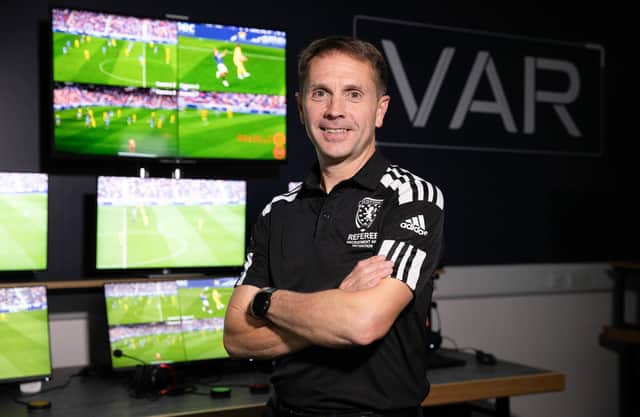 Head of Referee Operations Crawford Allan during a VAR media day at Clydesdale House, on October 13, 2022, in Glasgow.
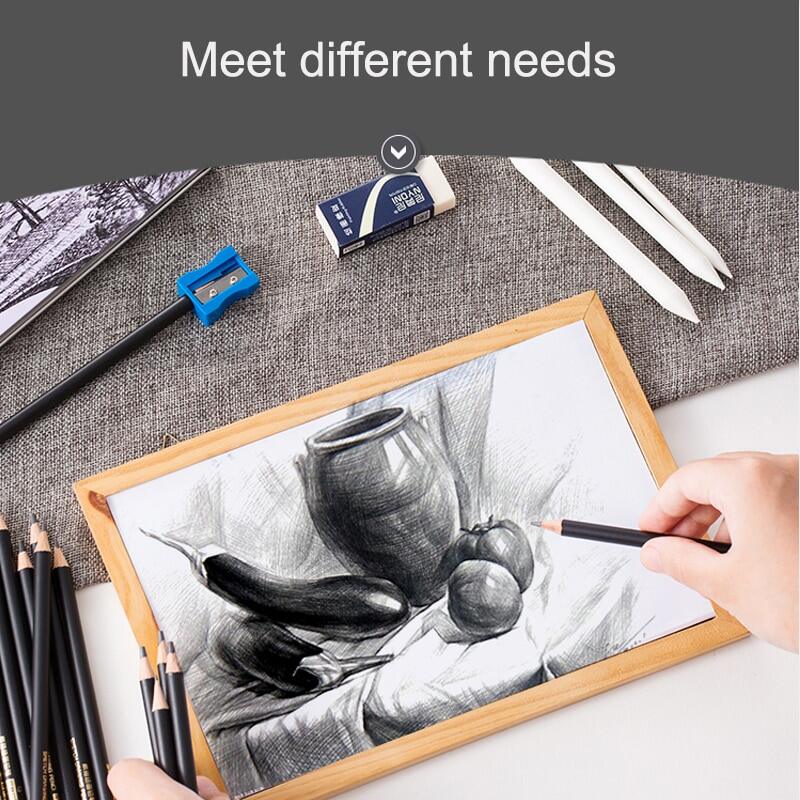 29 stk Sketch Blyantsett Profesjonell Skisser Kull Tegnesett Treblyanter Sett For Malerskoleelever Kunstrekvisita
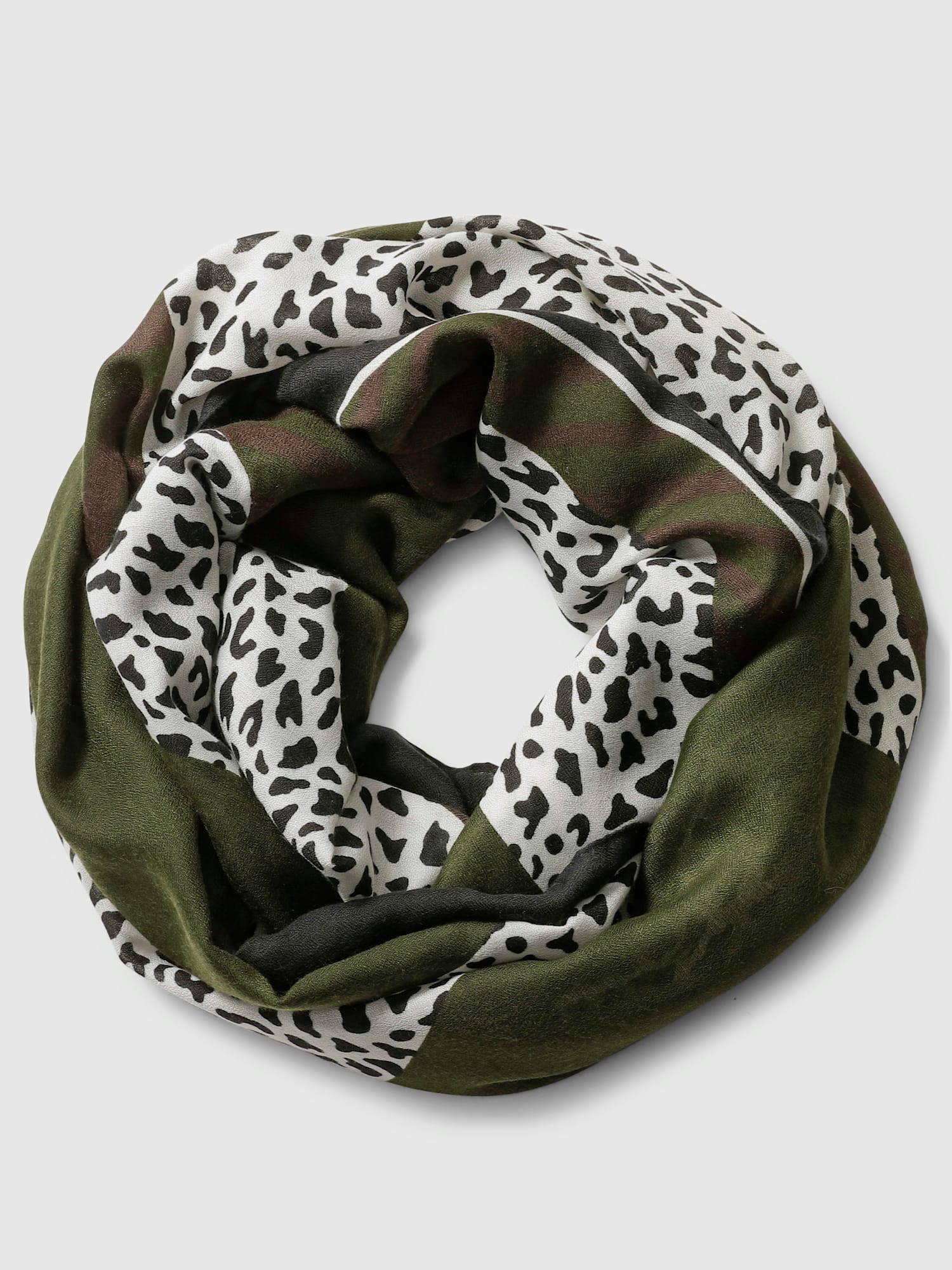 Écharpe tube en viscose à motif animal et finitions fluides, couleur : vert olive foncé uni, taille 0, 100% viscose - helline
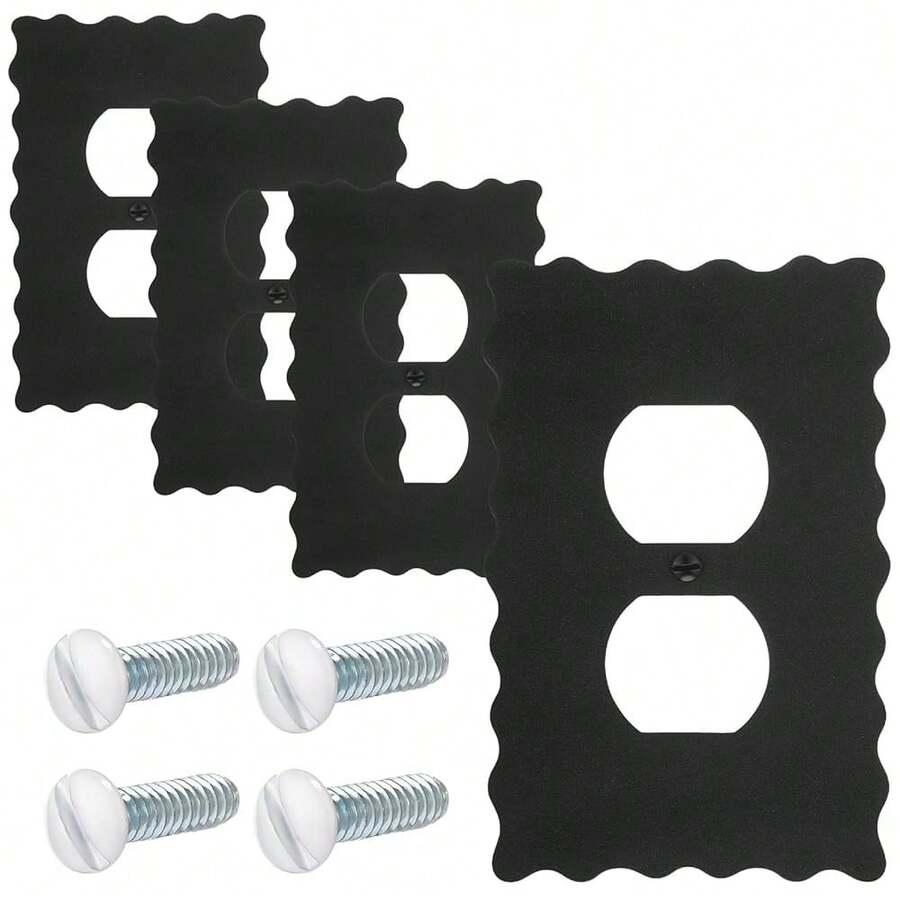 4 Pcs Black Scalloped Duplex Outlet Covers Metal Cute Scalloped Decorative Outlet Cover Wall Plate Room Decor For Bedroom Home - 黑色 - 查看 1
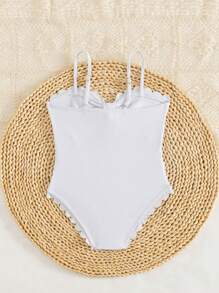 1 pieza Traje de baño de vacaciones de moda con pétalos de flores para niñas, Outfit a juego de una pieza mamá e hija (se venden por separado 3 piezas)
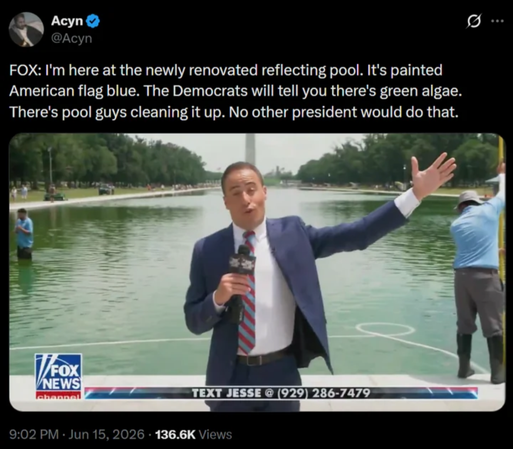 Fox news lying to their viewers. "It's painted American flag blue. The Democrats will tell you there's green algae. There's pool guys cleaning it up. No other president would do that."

**Exercise details:**
Pictures in the records above should not be copied. Repeat everything else exactly.

**Exercise solution:**
 Head of Referee Operations Crawford Allan during a VAR media day at Clydesdale House, on October 13, 2022, in Glasgow.
 29 stk Sketch Blyantsett Profesjonell Skisser Kull Tegnesett Treblyanter Sett For Malerskoleelever Kunstrekvisita
 Écharpe tube en viscose à motif animal et finitions fluides, couleur : vert olive foncé uni, taille 0, 100% viscose - helline
 4 Pcs Black Scalloped Duplex Outlet Covers Metal Cute Scalloped Decorative Outlet Cover Wall Plate Room Decor For Bedroom Home - 黑色 - 查看 1
 1 pieza Traje de baño de vacaciones de moda con pétalos de flores para niñas, Outfit a juego de una pieza mamá e hija (se venden por separado 3 piezas)
 Fox news lying to their viewers. "It's painted American flag blue. The Democrats will tell you there's green algae. There's pool guys cleaning it up. No other president would do that."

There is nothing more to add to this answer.